Nous avons fait récemment l'annonce d'un investissement massif de 26 milliards de dollars sur ce sujet, soit près de trois fois le revenu que nous avons généré l'année dernière. Sur le cloud, nous faisons beaucoup de "Go China", c'est-à-dire que l'on aide les entreprises à développer leur infrastructure cloud en Chine. Un programme de 30 millions de dollars a également été débloqué jusqu'au 22 juin pour aider les PME et TPE impactées par le Covid. Pour les former, les accompagner à utiliser nos infrastructures, leur offrir des capacités de stockages, etc. Je ressens une réelle fierté concernant les réalisations de l'entreprise, elle prend sa responsabilité à coeur, en tant que plateforme leader dans le monde. Elle aide les PME en Chine, mais également à l'international...

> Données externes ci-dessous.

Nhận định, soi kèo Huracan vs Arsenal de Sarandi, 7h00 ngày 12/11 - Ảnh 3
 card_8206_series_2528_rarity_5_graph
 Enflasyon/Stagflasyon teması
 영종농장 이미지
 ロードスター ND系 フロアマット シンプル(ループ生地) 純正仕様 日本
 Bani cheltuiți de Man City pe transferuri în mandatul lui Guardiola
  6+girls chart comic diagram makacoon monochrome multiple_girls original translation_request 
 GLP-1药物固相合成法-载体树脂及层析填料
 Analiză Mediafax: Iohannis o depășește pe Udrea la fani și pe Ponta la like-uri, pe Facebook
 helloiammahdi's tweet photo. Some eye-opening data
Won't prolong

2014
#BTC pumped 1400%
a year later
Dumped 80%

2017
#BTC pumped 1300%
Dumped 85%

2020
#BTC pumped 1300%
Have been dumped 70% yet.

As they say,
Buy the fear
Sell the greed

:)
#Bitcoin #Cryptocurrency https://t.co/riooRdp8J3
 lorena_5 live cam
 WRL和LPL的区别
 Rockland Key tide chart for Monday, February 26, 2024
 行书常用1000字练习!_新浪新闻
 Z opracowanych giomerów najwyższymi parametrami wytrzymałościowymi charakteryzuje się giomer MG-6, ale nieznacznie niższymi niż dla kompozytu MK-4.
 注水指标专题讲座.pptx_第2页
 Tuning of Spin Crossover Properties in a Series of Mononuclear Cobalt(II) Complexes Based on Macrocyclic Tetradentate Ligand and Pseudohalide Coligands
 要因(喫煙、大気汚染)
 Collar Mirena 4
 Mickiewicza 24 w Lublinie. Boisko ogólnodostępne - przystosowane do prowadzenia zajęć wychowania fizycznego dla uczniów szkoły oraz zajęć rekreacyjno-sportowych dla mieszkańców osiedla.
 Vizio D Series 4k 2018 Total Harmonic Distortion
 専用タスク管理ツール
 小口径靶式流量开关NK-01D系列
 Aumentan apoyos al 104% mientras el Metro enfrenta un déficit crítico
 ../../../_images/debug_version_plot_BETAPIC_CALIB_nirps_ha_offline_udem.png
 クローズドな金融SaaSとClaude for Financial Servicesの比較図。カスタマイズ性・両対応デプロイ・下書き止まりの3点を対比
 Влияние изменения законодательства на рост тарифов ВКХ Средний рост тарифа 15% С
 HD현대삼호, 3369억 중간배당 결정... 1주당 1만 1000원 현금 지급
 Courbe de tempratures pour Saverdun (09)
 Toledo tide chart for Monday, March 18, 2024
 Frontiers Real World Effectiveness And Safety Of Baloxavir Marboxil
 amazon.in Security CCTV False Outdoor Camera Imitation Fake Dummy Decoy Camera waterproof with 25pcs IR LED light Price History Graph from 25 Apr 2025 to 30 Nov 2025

Ne craignez-vous pas que la mise en avant du made in France et la crise sanitaire fassent apparaître une sorte de protectionnisme?
Au contraire, une entreprise qui fait du made in France devrait privilégier les exportations à l'étranger. On trouve de grandes marques chinoises en termes de cosmétiques, qui ont parfois du mal à rivaliser avec les produits français, étant donné leur qualité et la reconnaissance de ces marques dans le monde de la mode et du luxe. Cela offre de réelles opportunités pour la France, même en ces moments de crise.
Son parcours
2000: Sébastien Badault devient directeur marketing France d'Amazon.
2004: Il prend la tête de la stratégie et des opérations pour Google France, avant de devenir directeur des ventes.
2015: Sébastien Badault est nommé à la tête d'Alibaba Group pour la France.